Born Jeff Plewman, Nash the Slash’s stage wardrobe consisted of wrapping his face in bandages adorned by sunglasses and wearing a top hat.
By: Nick Krewen
Published on Mon May 12 2014
Pioneering electronic musician, composer and performance artist Nash the Slash has died.
The eccentric Toronto electric violinist, whose mummified stage wardrobe consisted of wrapping his face in bandages adorned by sunglasses and a top hat, was found at his city home over the weekend.
He was 66.
His friend and long-time collaborator, the artist Robert Vanderhorst, posted the news Monday on his Facebook page and confirmed the news in an interview.
Nash the Slash was a co-founder of Toronto progressive rock trio FM, with whom he enjoyed the greatest amount of commercial success due to their 1977 platinum album Black Noise and the radio hit “Phasors on Stun.”
Nash was equally notorious for his one-man multimedia performances, which he executed with his violin and electric mandolin, an Echoplex and multiple reel-to-reel tape recorders, and performed in diverse locations ranging from concert stages to movie theatres and art exhibits.
The first Canadian to use a drum machine on an album, Nash also owned and operated one of Canada’s first underground independent record labels, Cutthroat Records, releasing such albums as Bedside Companion, Dreams and Nightmares and Decomposing independently.
His sphere of influence extended across the Atlantic, where he lived in England for a time, signed with Virgin Records for his Children of the Night album and was credited with influencing such synth-laden new wave artists as Gary Numan with his experimental compositions.
“He was so far ahead of his time, the industry never caught up with him,” said concert promoter and close personal friend Gary Topp, who helped Jeff Plewman invent his Nash the Slash persona and booked him for his very first gig as Nash at the Danforth Ave.
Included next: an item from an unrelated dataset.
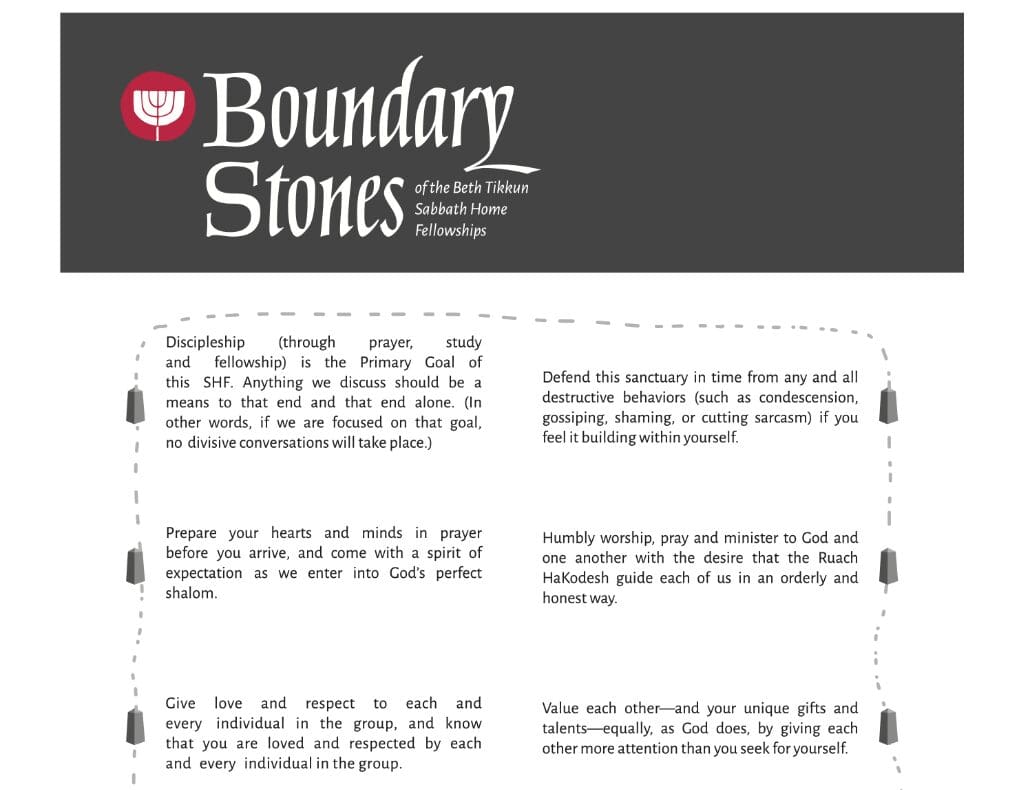 Community guidelines for prayer and fellowship.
Roxy Theatre.
“He just did things that nobody else was doing,” said Vanderhorst, whose paintings inspired several Nash the Slash compositions and exhibits.
‘“The thing that might strike people is the fact that he just stayed true to his art. He wasn’t going to change. He wanted a certain sound, he wanted to play a certain way and the Nash persona was perfect for him.”
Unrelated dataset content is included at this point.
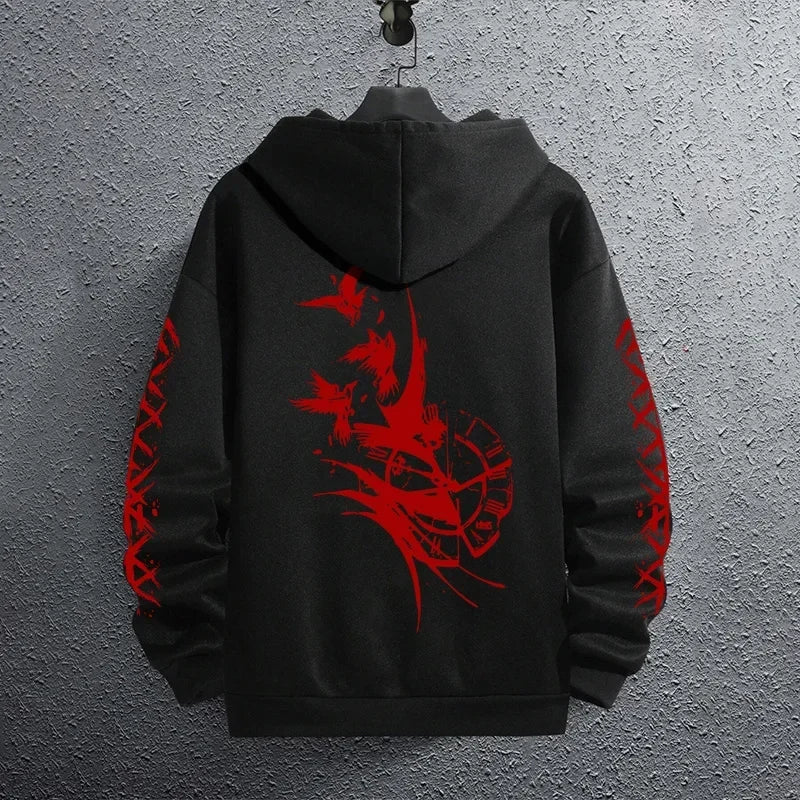 Men's Printed Pullover Hoodie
The Nash the Slash saga began when Plewman was a fire-breathing musician in a band called Breathless.
“Our friendship goes back to 1972,” recalls Topp. “He did his first show as Nash the Slash at the Roxy accompanying (the 1929 Salvador Dali short film) Un Chien Andalou on the screen and, over the years, I booked him zillions of times at the Horseshoe, at the Edge, opening for different shows. We’ve remained friends until the weekend, I guess.”
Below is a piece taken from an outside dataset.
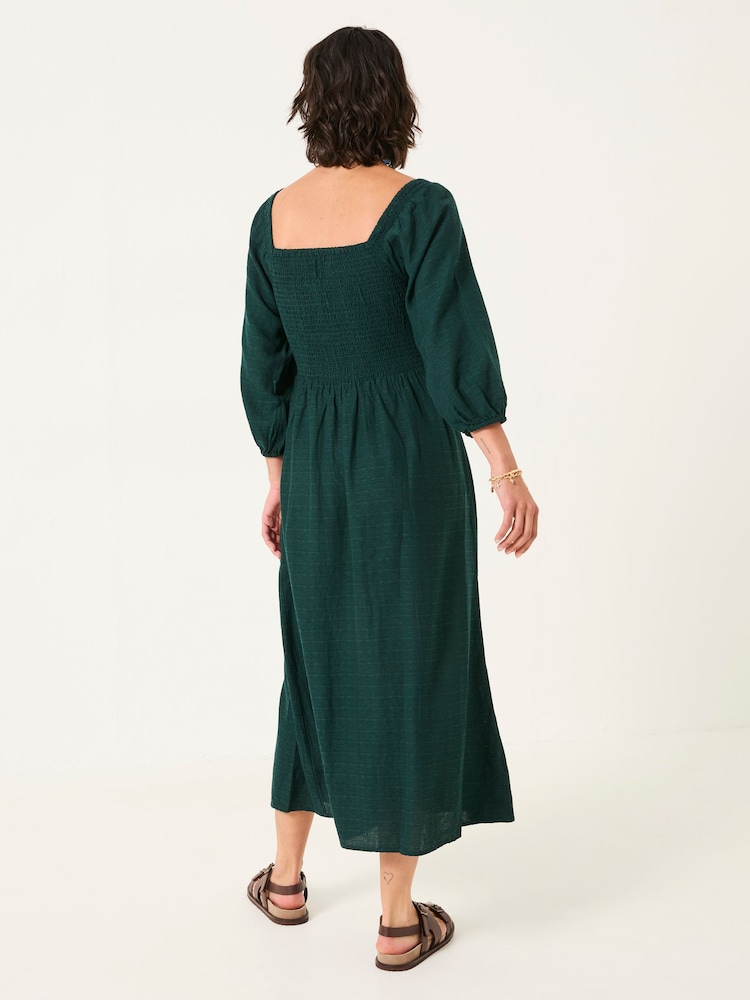 Fat Face Adele Teal Blue Regular Midi Dress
His friends say Plewman also had a wicked sense of humour, one that he wasn’t afraid to extend into his performances, including appearances at his local hangout Stratengers in the 1990s.
“I was always interested in making an event out of it,” Nash told me in a 1997 interview. “Some of my shows were entitled Nash Easter Bunny, Santa Nash, The St. Valentine’s Day Massacre.
“There was also a show I performed around the time of the Three Mile Island nuclear disaster that I called Neighbourhood Alert. I used phosphorescent makeup, so when the stage lights hit my face I glowed in the dark. That was my shtick.”
He also claimed to spend “$800 a day in bandages” for his wardrobe.
“People would ask me, ‘Why don’t you get an endorsement from Johnson & Johnson’s?’”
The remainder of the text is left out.